Elena Aquilar published a piece about teams in Edutopia recently. I have never believed, for myself, in the writer’s initial sentiment, that she could do everything alone. Sharing and collaboration come naturally for me. Hers is a refreshing admission that many folks bristle when it comes to teams, like group work:
“I’m going to admit that it’s taken me a while to feel convinced by the power of teams. Until recently, I didn’t have great experiences in teams. I felt that alone I could produce whatever needed to be created better, and quicker, than working with others. I often felt frustrated working in teams — the process felt so slow and cumbersome. I felt like I was usually given (or took) the bulk of the work. I didn’t really know what an effective team looked like, how one worked together, or what the benefits could be.”
Our middle school has gone through varying waves of having cross-content teams and not having cross-content teams. This next year I think we’re heading into a season of not having, but I could be mistaken. We will definitely continue the work of PLCs, which are crucial and empowering, and that may be enough. However, through the work of having a cohort of students, as my sons’ district does, it is much easier to facilitate interventions for children. Without that team of shared students, we will face some challenges, but ones I know we can handle. I have a plan in place for making sure none of my ELA students, no matter what Social Studies, Math, Science, PE, or Elective teacher they have, get my full focus, and create a mini-team individually for them. In each of their composition books, I’ll have them write their parents’ contact information, full schedule, and other notes, and check in with them periodically to see how all their classes are going, emotionally and academically. This will be an integral part of my conferencing with them. The grading system has a great “all teachers” function in emails, but this way it puts the focus on the conversation with the student first, and then bring in the support team. My e-mail output to colleagues may increase this next year, as those informal “Do you have a chance to give me your insight…” talks.

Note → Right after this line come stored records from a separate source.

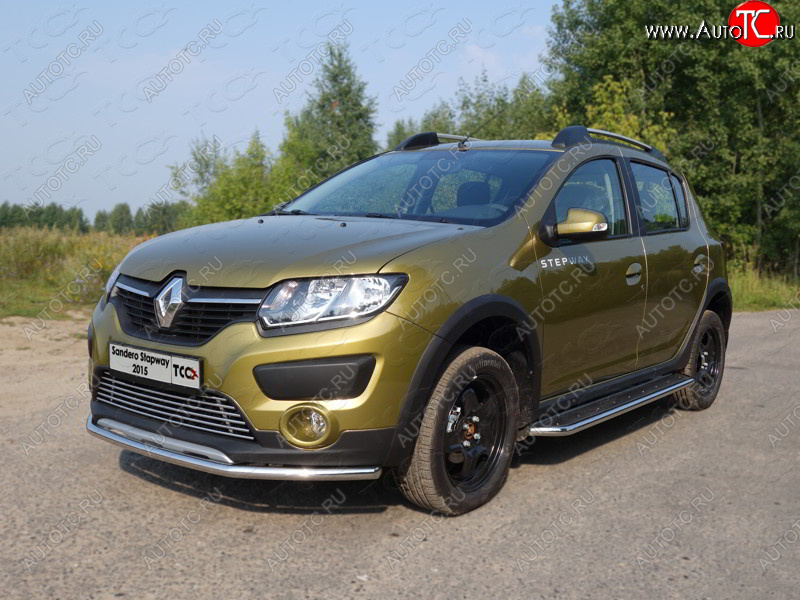 12 299 р. Защита переднего бампера нижняя d42,4 мм ТСС Тюнинг  Renault Sandero Stepway  (B8) (2014-2018) дорестайлинг (нержавейка)  с доставкой в г. Йошкар-Ола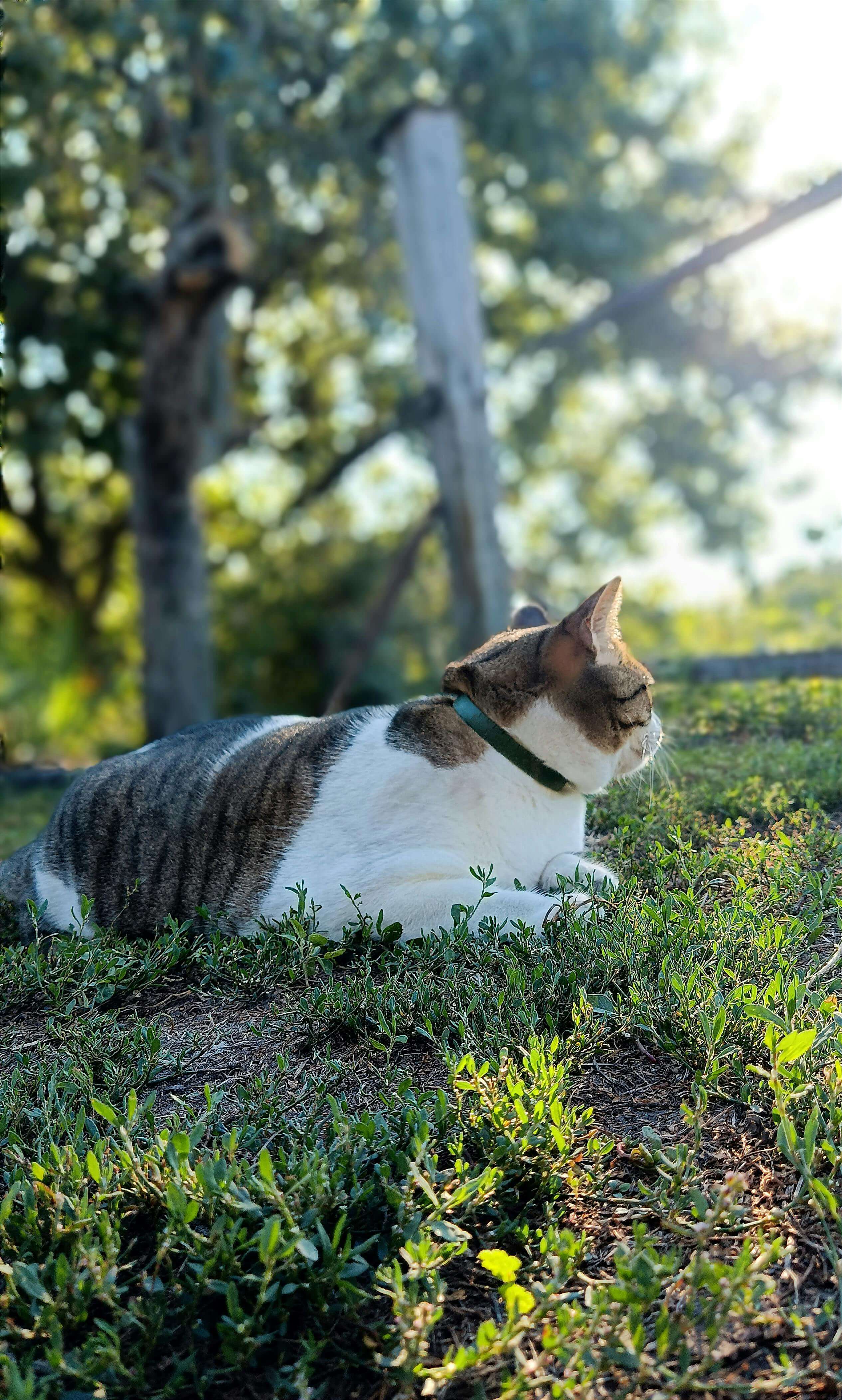 계절별 영양 상태 변화 분석 - 한국 야생 고양이 삵의 체성분 에너지 예산 연구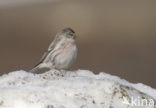 Witstuitbarmsijs (Carduelis hornemanni)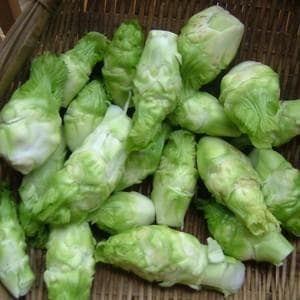 儿菜的功效与作用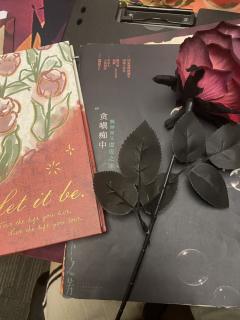 《皮下之芳》--剧本杀版『想见你』
“我就是要他 在往后的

This article on the Emotional Intelligence (EI) of a team is invaluable:
A good team knows why it exists. It’s not enough to say, “We’re the sixth grade team of teachers,” that’s simply what defines you (you teach the same grade) but not why you exist. A purpose for being is a team might be: “We come together as a team to support each other, learn from each other, and identify ways we can better meet the needs of our sixth grade students.” Call it a purpose or a mission — doesn’t really matter. What matters is that those who attend never feel like they’re just obligated to attend “another meeting.” The purpose is relevant, meaningful, and clear.
So here are my vows to any team(s) that find me as a player, PLCs, Departments, no matter:
1. I will complete and share my portion of any given task or directive freely.
2. I will adhere and comply to directives.
3. I will honor your time.
Teams come in all shapes and sizes, purposes and collaboration: it can be the formal PLC, or the continued friendship and collegial collaboration that work over time and space. Just takes a different way of defining ‘team,’ and opening up to ideas.